G7 Finance Ministers and Central Bank Governors have issued communique on 5 June 2021 highlighting key pacts finalized and agreed on in their meeting held at London, United Kingdom. G7 consists of Canada, France, Germany, Italy, Japan, the U.K. and the U.S. The meeting was held along with top officials of International Monetary Fund (IMF), World Bank Group, Organisation for Economic Cooperation and Development (OECD), etc.
Along with the other decisions the communique includes points on global tax reforms, which were in the pipeline and under discussion for a long time. The meeting proposes significant tax reforms to be implemented and achieved in following manner:
Commitment towards a global minimum tax of at least 15% on a country by country basis.
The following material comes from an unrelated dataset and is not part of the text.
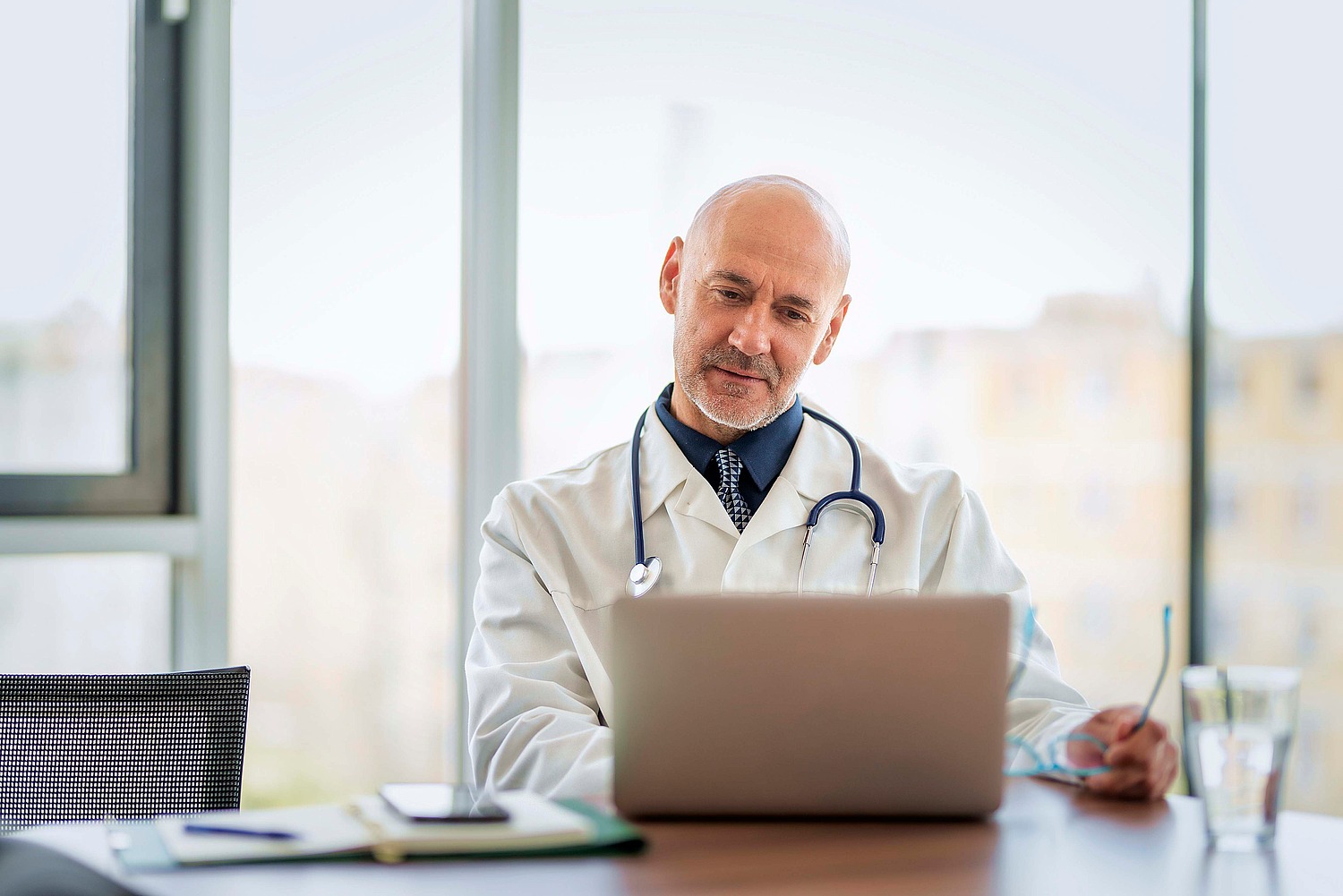 Arzt sitzt am Computer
Market countries to be awarded with taxing rights on at least 20% of profit exceeding a 10% margin for the largest and most profitable multinational enterprises. These will include “companies that have no physical presence but have substantial sales in the market country”
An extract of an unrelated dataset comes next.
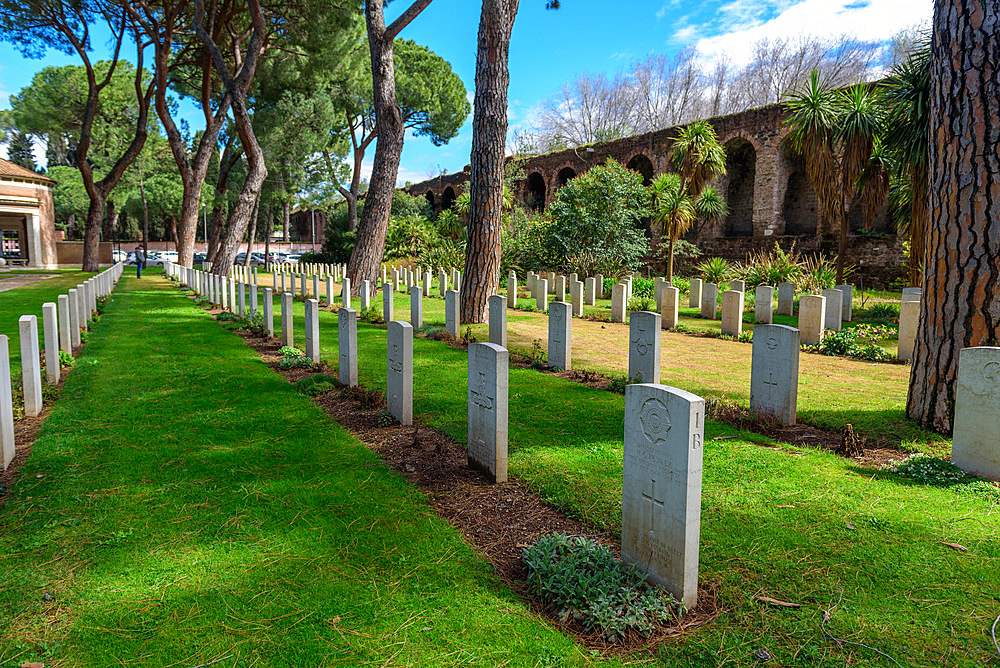 Commonwealth War Cemetery, project Louis de Soisson, Mure Aureliane, Testaccio district, Rome, Lazio, Italy, Europe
Removal of all digital services taxes (aka Google tax in many countries), and other relevant similar measures, for all companies.
The agreement will be discussed in detail at a meeting of G20 finance ministers in July 2021 in Venice.
If this is implemented, technology giants like Amazon, Facebook and Google as well as other large global businesses will have to pay taxes in countries based on the sale of their goods or services, regardless of whether they have a physical presence in that nation.
U.S. Treasury Secretary Janet Yellen, hailed the move as significant and unprecedented and tweeted “That global minimum tax would end the race-to-the-bottom in corporate taxation, and ensure fairness for the middle class and working people in the U.S. and around the world”
British Finance Minister Rishi Sunak said the development as a “historic” decision would make the global tax system “fit for the global digital age.”
German Finance Minister Olaf Scholz described the breakthrough as a “tax revolution and very good news for tax justice and solidarity and bad news for tax havens”.
Implications
The proposals are still a long way from getting accepted and implemented, which may take considerable time. There are many large nations who may not adopt these on the ground of sovereignty.
The model of hiring sales staff in a country and paying taxes on a cost plus agreements in those countries could become history. Taxes may have to be paid in those countries based on actual sales although it appears that the proposals are aimed at only the largest and most profitable multinational enterprises.
Tax havens will be impacted and may lose their popularity.
Determining actual taxable income in a market country will become a factor in tax litigation.